# Best cordless combo pack



## 360max (Jun 10, 2011)

Dewalt


----------



## ND80 (Apr 12, 2012)

The contractor I work for runs Makita. After using them for about 4 months I went out and bought the drill and impact set and love them. 

I have also heard a lot of good things about the Milwaukee M12 and M18 lines.


----------



## rlc3854 (Dec 30, 2007)

Black and Decker, rebranded as Dewalt.


----------



## heavysparky (Jun 2, 2009)

Every one has there own brand loyalty. I personally get what ever is cheap and has a great in store warranty


----------



## heavysparky (Jun 2, 2009)

rlc3854 said:


> Black and Decker, rebranded as Dewalt.


 
Dewalt has really went down in the last few years


----------



## drspec (Sep 29, 2012)

I was just sitting here thinking about this earlier.

My Dewalt needs a new chuck and the batteries don't hold a good charge anymore. I need a good combo set for my construction truck.
I hear good things about Makita, but they are kind of hard to find around here. At least the blue professional tools anyway.

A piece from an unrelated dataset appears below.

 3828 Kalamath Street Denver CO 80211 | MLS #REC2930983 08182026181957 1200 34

I was leaning toward the M18 fuel, but I keep hearing horror stories. 

I rock the M12 in my service van and have had no problems.


----------



## wendon (Sep 27, 2010)

drspec said:


> I was just sitting here thinking about this earlier.
> 
> My Dewalt needs a new chuck and the batteries don't hold a good charge anymore. I need a good combo set for my construction truck.
> I hear good things about Makita, but they are kind of hard to find around here. At least the blue professional tools anyway.
> ...


Tell me your horror stories. I've had M18 since they first came out. I've got the regular impact, the Fuel impact, the angle grinder, the metal circular saw, a regular drill and a hammer drill, the LED flashlight, the Fuel 3/8"drive impact, and the 3/8" angle drill. All are still running. The only trouble I had was with the original impact and they replace the parts under warranty. Now that I've got the Fuel impact, I hardly ever use the old one. I've never had a M18 Lithium battery go bad.


----------



## FastFokker (Sep 18, 2012)

I think they're all the same.. basically.

The problem with Dewalt and Makita is they have el-cheapo home owner models which are crap. I don't know of Milwaukee having that, but I wouldn't be surprised if they did.

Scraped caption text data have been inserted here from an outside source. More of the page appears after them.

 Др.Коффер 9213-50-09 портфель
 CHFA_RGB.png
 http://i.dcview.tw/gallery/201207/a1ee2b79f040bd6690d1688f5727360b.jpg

I owned Makita LXT and loved it. I now own Milwaukee m12 and love it. I have never owned Dewalt and I hate them! lol


----------



## Jlarson (Jun 28, 2009)

We rock the LXT Makita stuff. I like it, takes a beating. I don't do combo kits though, we buy drill kits then get bare tool everything else and buy batts as needed.


----------



## papaotis (Jun 8, 2013)

see ( my trusty drill finally died)


----------



## 360max (Jun 10, 2011)

papaotis said:


> see ( my trusty drill finally died)


http://www.electriciantalk.com/f14/my-trusty-drill-finally-died-57603/


----------



## Rochsolid (Aug 9, 2012)

I've personally used and owned Bosch, porter cable, dewalt and currently the Makita LXT line. The Makita is by far the best. Hands down. My company has just purchased a bunch of Milwaukee tools, my boss hasn't been impressed, says the drills do not hold up as well as he thought they would.


----------



## Going_Commando (Oct 1, 2011)

I have used Dewalt, Makita, Ridgid, and Milwaukee cordless stuff, and prefer the Milwaukee m18 Fuel. They really stepped it up with the fuel line, and between the brands listed above it has no peer.


----------



## Lighting Bolt (Dec 2, 2011)

Every company makes the "pro/homeowner" stuff. A better drill is going to have a higher price. Find out which one has the most features/power/highest price (Individual Drill) to find the pro stuff. Example:

MIlwaukee 2611 - Pro - Amazon $398
Milwaukee 2602 - Homeowner Amazon $269

For the other things in kits, saws, impact drivers, etc... if you can't find different models at different values, there are not pro/homeowner, just one unit. Good example would be a Sawzall or Circular saw. there are no pro or homeowner models, just one model.


----------



## CheapCharlie (Feb 4, 2011)

Got 4 makita combo sets here (LXT). 2 drill/driver combo kits and 2 drill/driver/sawzall/circ saw kits. Each kit came with 2 batteries. We've had 3 batteries go bad already. Not impressed. I have my personal Milwawkee Fuel now for about a year and they are awesome! Drives way faster than the Makita.


----------